TASK BRIEF: In the records below, find the line that holds "Боец UFC получил". Restate it and every later line exactly, stopping at the end and skipping pictures.

EXERCISE DATA:
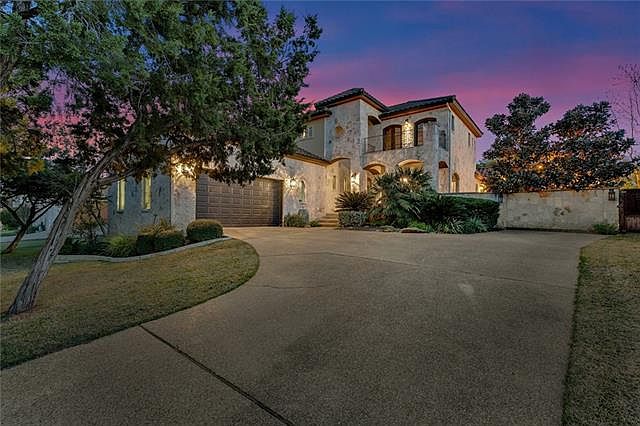 1st image of 12 Stillmeadow Dr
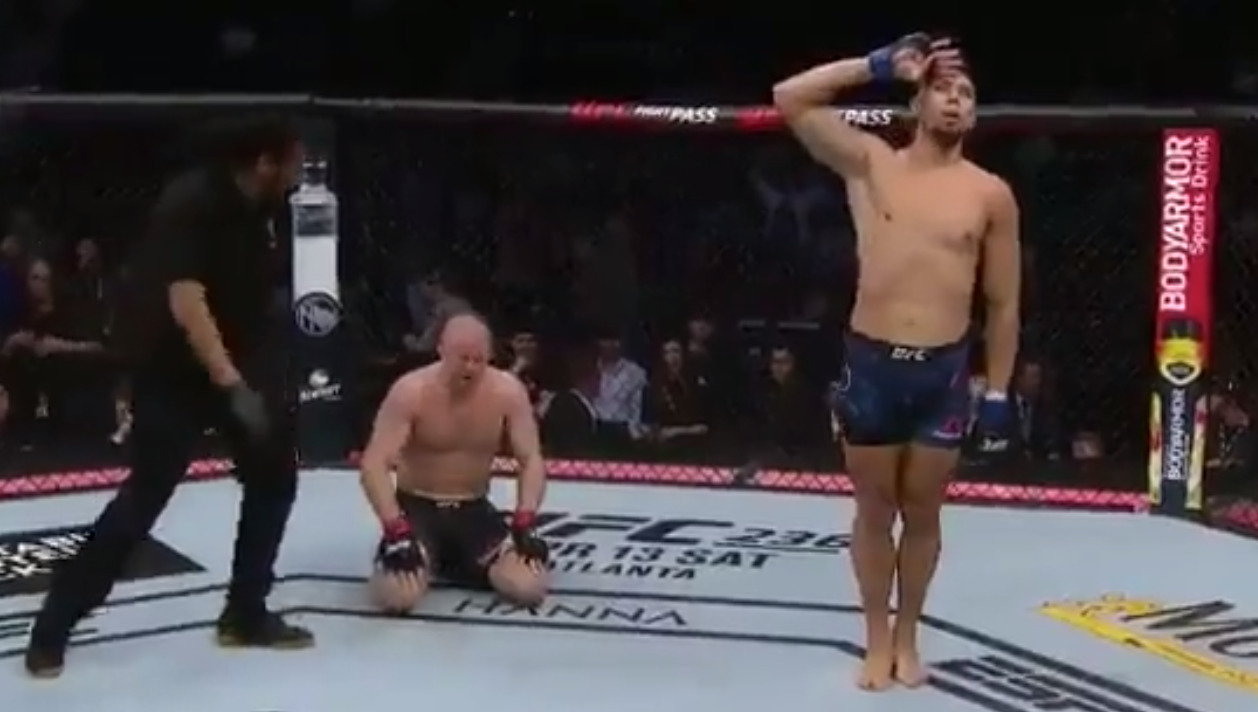 Боец UFC получил травму во время празднования победы после поединка.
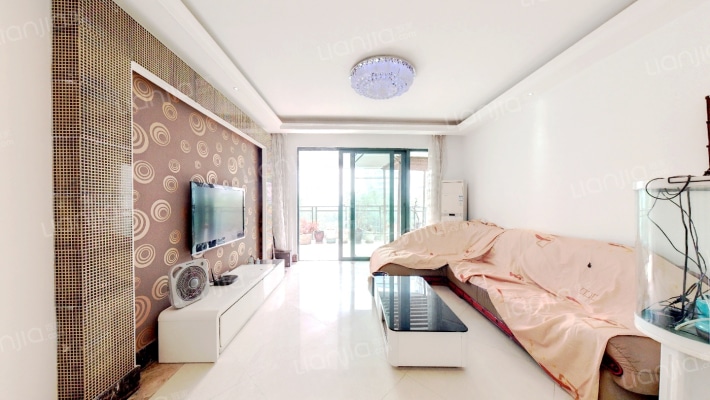 雅居乐国际花园一期二手房实景图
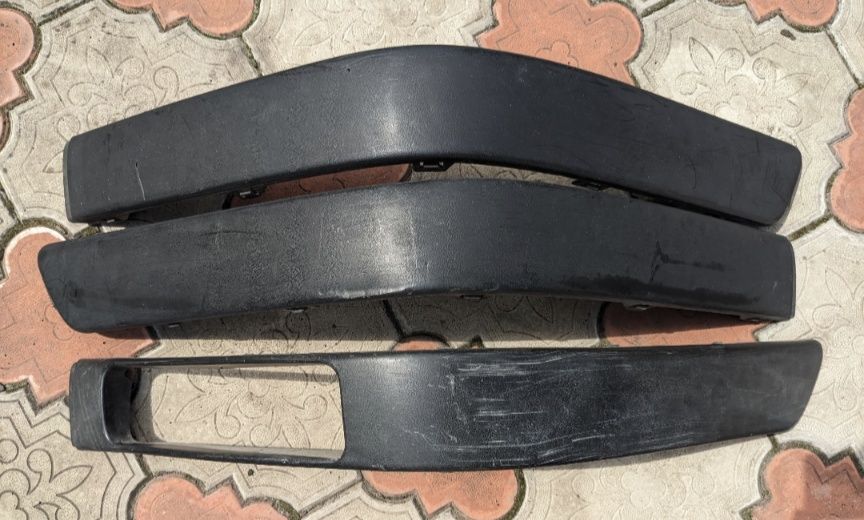 Продам молдінги до бампера Аудіо 80В4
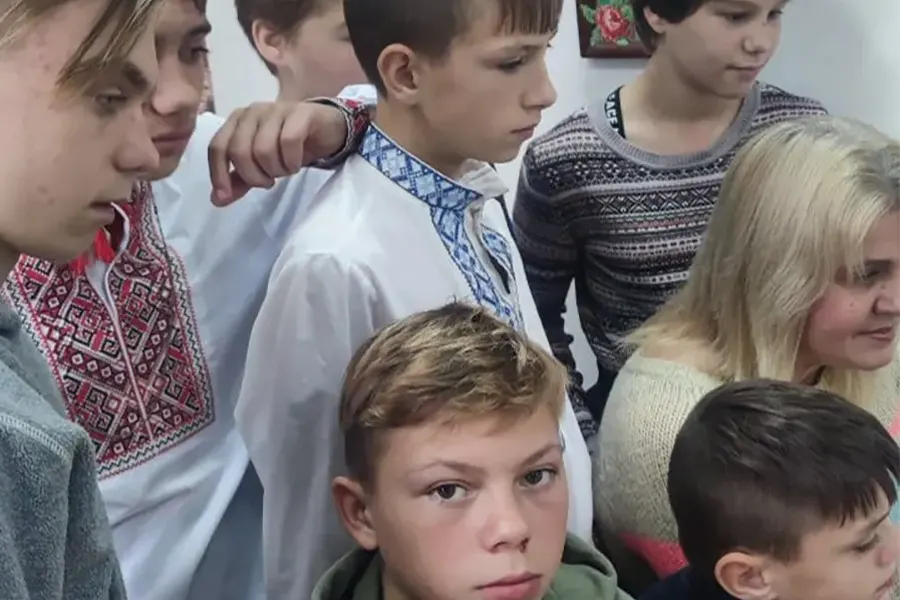 Algunos de los jóvenes del orfanato de Ucrania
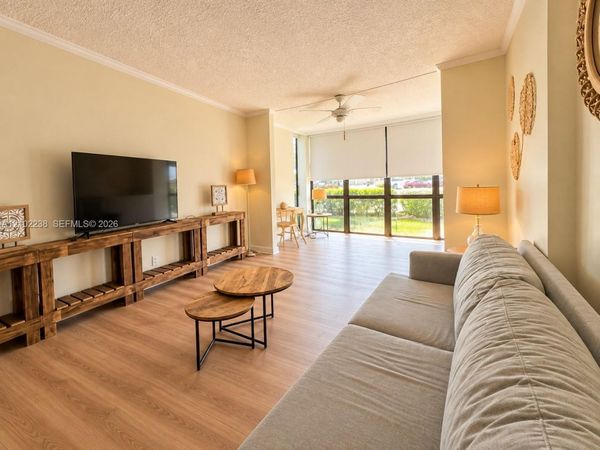 1000 Parkview Dr , Unit 127, Hallandale Beach, FL 33009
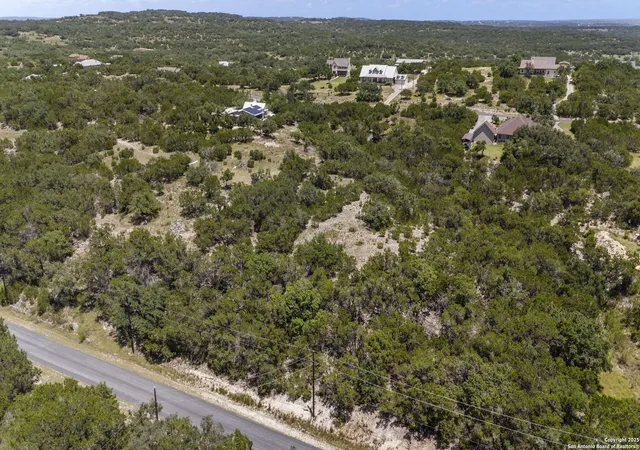 5th image of 320 Mustang Ln, Spring Branch, TX 78070 | MLS# 1895227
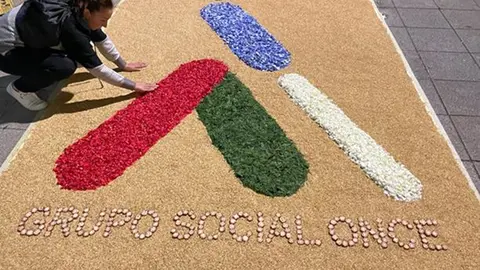 Alfombra realizada por asociados a la ONCE.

WRITTEN ANSWER:
 Боец UFC получил травму во время празднования победы после поединка.
 雅居乐国际花园一期二手房实景图
 Продам молдінги до бампера Аудіо 80В4
 Algunos de los jóvenes del orfanato de Ucrania
 1000 Parkview Dr , Unit 127, Hallandale Beach, FL 33009
 5th image of 320 Mustang Ln, Spring Branch, TX 78070 | MLS# 1895227
 Alfombra realizada por asociados a la ONCE.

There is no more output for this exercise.